─── Source material ───
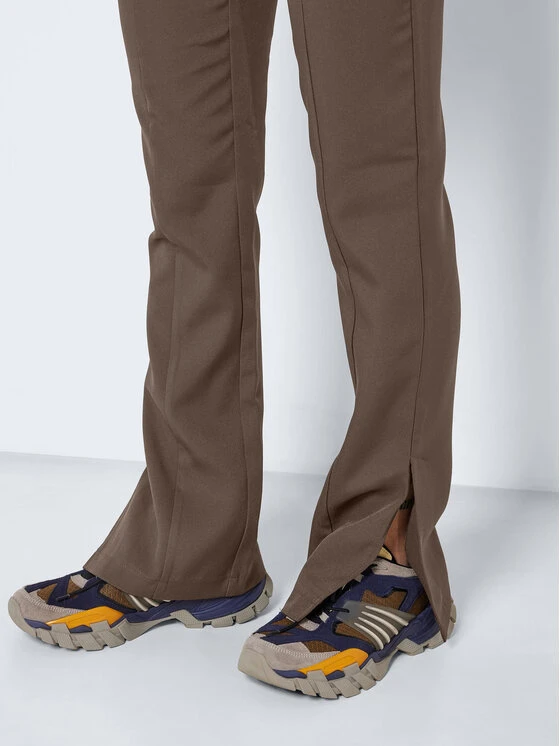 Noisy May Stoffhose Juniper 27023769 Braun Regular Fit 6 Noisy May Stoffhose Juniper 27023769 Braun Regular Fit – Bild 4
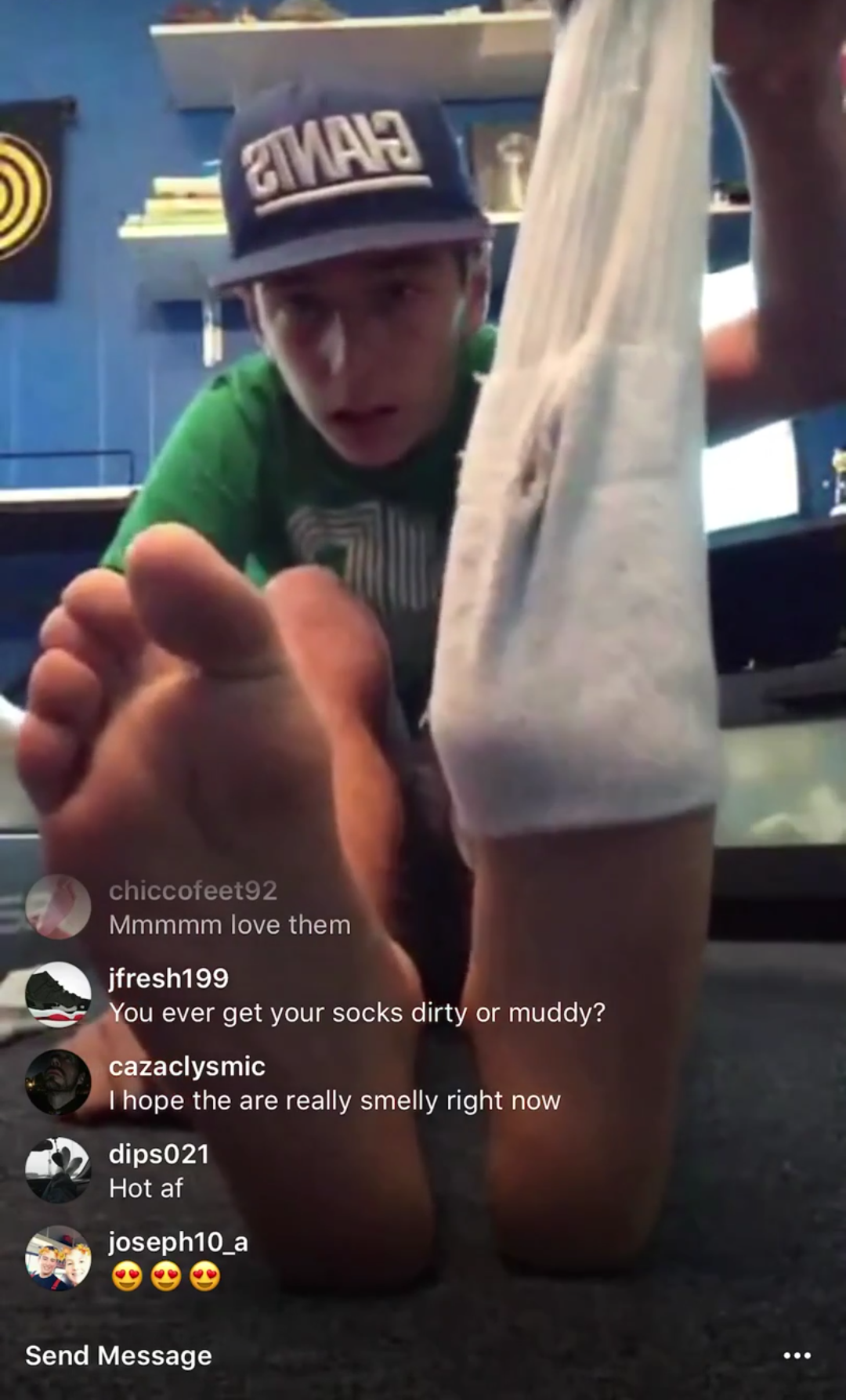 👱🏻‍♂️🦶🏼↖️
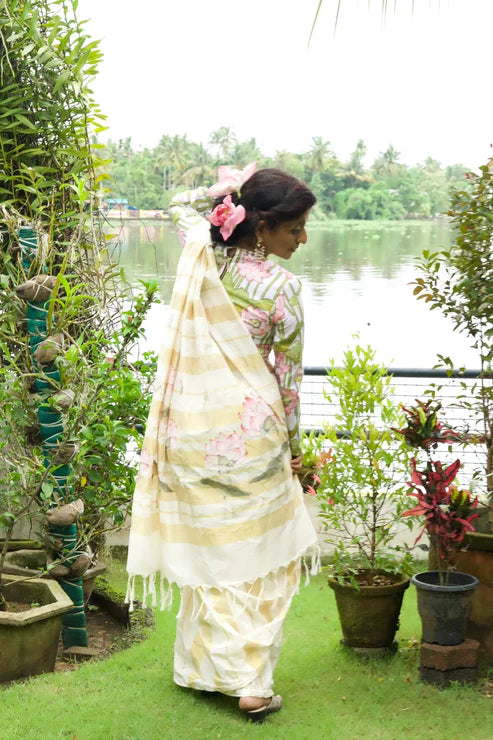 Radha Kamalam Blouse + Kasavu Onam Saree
───
Your copy must repeat the data word for word and show none of its images.

The answer:
 Noisy May Stoffhose Juniper 27023769 Braun Regular Fit 6 Noisy May Stoffhose Juniper 27023769 Braun Regular Fit – Bild 4
 👱🏻‍♂️🦶🏼↖️
 Radha Kamalam Blouse + Kasavu Onam Saree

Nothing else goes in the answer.